How to Give Your Dealership’s Shop an Ergo-Boost
When you think of ergonomics, do you picture office furniture? A sleek (and expensive!) chair, or a stand-up desk alternative, or a highly-contoured mousepad? You might actually have all those things in your dealership’s offices, but the science of ergonomics applies to every aspect of your operation. Or it should. So, how ergonomic is your shop?
Ergonomics are good for you
As an employer, your job is to provide a workplace that promotes worker health and safety as well as efficiency. Making ergonomic improvements to your environment and the ways in which people perform their job tasks benefits your employees and your business. You can boost productivity and morale, and you can reduce the risk of on-the-job injuries that drive up workers’ comp claims and premiums.
Repair and body shops are inherently dangerous. From an ergonomics standpoint, the greatest dangers are reaching, bending, and lifting – especially if they are done repeatedly or for prolonged periods. Awkward moves that involve over-extension and over-exertion cause musculoskeletal injuries – the leading culprit when it comes to workers’ comp claims.
Techs can injure their knees, wrists, and shoulders, but back injuries are the worst, in every way. Treatment can be elusive, resulting in lingering pain and incapacitation for your injured tech and particularly high costs for your dealership.
It makes a lot more sense to do everything you can to make your shop as ergonomically friendly as possible.
What can you do to make your dealership’s shop areas more ergonomic? Lots of things, and they don’t have to cost you the proverbial arm and leg.
- Look around at how your shop is laid out. Think about the physical movements your techs make as they go about their business. What are the ergonomic risks here? How can you fix that?
- Go straight to the source. You can theorize all you want about ergonomics, and research many great improvement ideas other businesses have instituted. However, your own shop crew knows first-hand about how thing work at your Get them together – or form a special team – to consider how you can work more ergonomically.

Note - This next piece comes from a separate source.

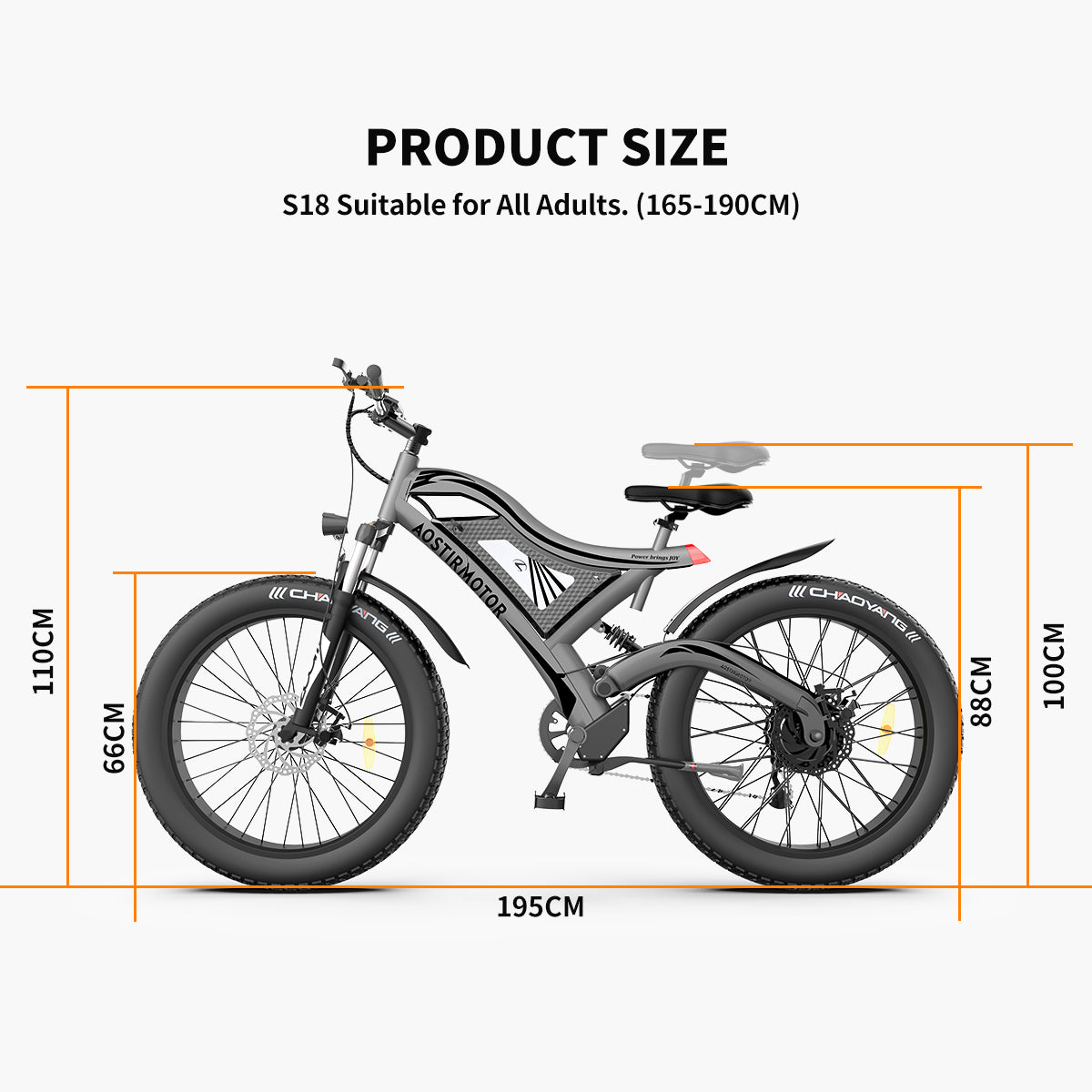 AOSTIRMOTOR 26" 750W Electric Bike Fat Tire 48V 15AH Removable Lithium Battery for Adults S18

An added benefit here is that they are more likely to follow new policies or protocols if they have had a hand in creating them.

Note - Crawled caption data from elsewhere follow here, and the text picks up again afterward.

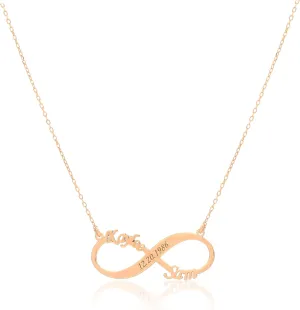 Personalized Infinity Custom Necklace  925 Sterling Silver Infinity Necklace with 2 Names  Custom Nameplate Jewelry Gift for Women, Couples, Friends, or Family
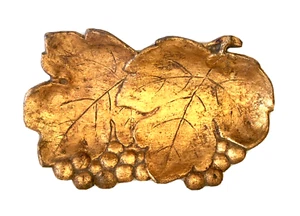 Vintage Gold Painted Grape & Grape Leaf Cast Iron Trinket Dish, Japan 9" - Picture 1 of 8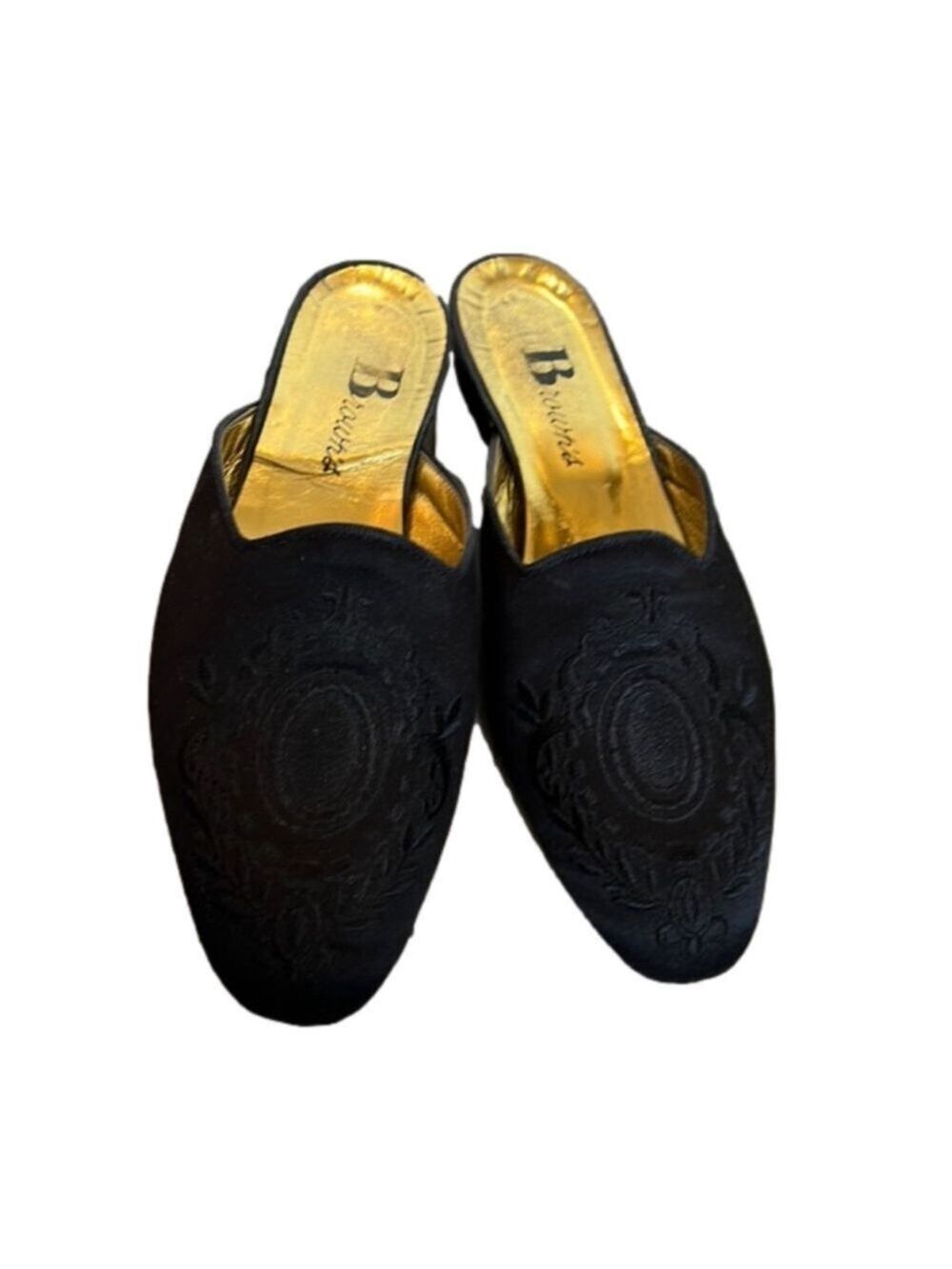 BROWN'S Black Velvet Pointed Toe Mules Embroidered EUR 37 / US 6.5 Made in Italy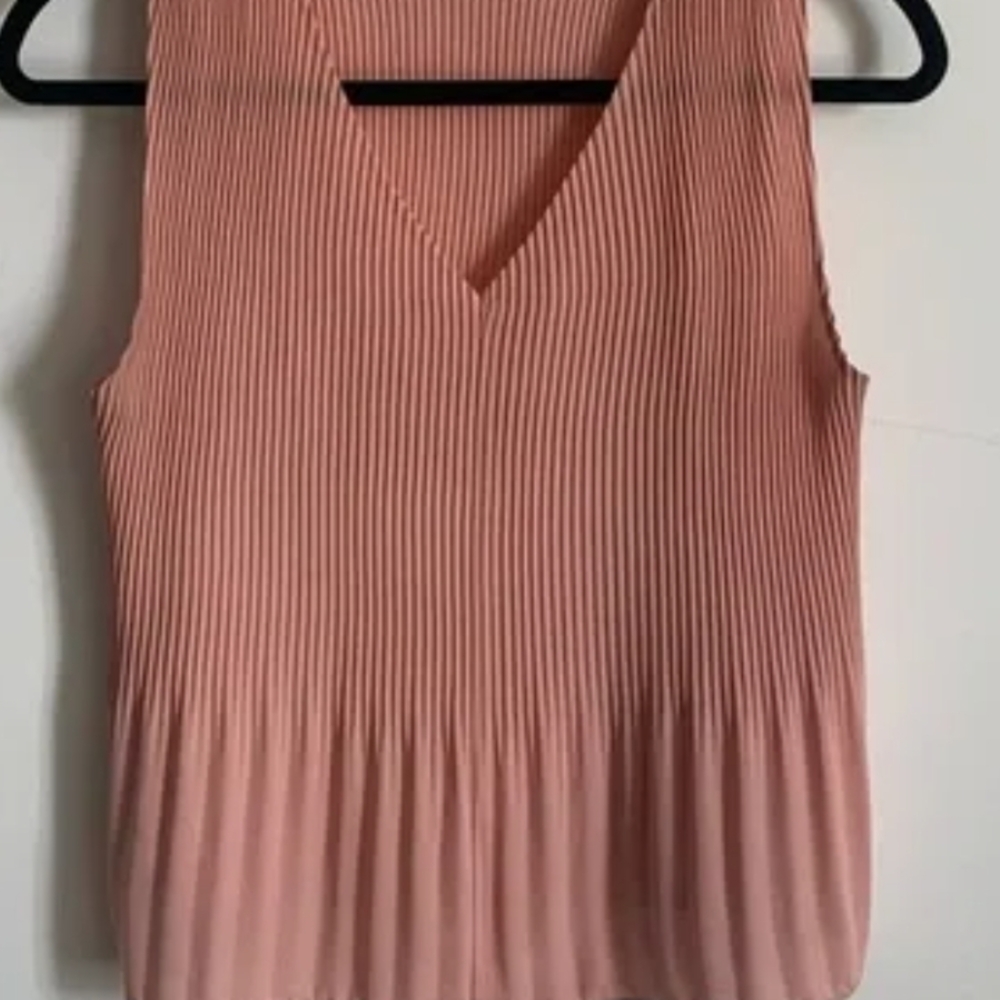 Babaton Blush Pink Pleated V-Neck Blouse
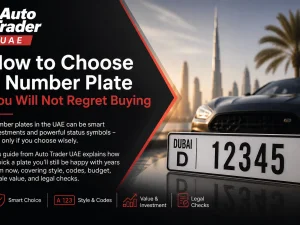 Luxury car in the UAE with a personalised number plate parked in an urban setting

- Find ways to keep heavy objects off the floor. The ergonomically safest lifting zone is between the knees and shoulders. Storing heavy items within that range makes them easier to lift and move. Better yet, roll-around carts or conveyor systems enable techs to easily transport everything room tools to parts without having to lift or carry them at all.
Along that same line, waist-high benches enable techs to work on items in the least-stressful position. And raised platforms enable them to work on big machines without awkward, tiring reaching. Insist that techs use jacks or similar lifting aids to lift and hold heavy machine parts.

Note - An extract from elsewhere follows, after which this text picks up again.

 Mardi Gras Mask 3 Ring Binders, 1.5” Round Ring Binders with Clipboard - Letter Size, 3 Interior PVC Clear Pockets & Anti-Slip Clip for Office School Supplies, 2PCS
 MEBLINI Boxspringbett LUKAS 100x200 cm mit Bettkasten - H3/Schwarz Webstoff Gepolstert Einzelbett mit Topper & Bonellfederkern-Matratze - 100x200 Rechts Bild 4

- Real men (and smart women) ask for help. Employees who pretend they don’t need assistance, or worry that they will be interrupting a co-worker intent on their own work, are the same people who get injured and cause accidents to others.
- Safety training is a regular occurrence at your dealership, so be sure to include ergonomics education as part of that program.
- And, yes, maybe you’ll even want to give them a better-designed chair or a stool that includes a backrest.
The more you and your shop crews know about ergonomics, the easier it will be to make continuous improvements to your shop areas. You don’t have to do everything at once (and that may not fit your budget anyway). Focus on top priorities first, and tackle the other issues as you can. As you do, your dealership’s service and body shops will become increasingly productive and more profitable as well as safer.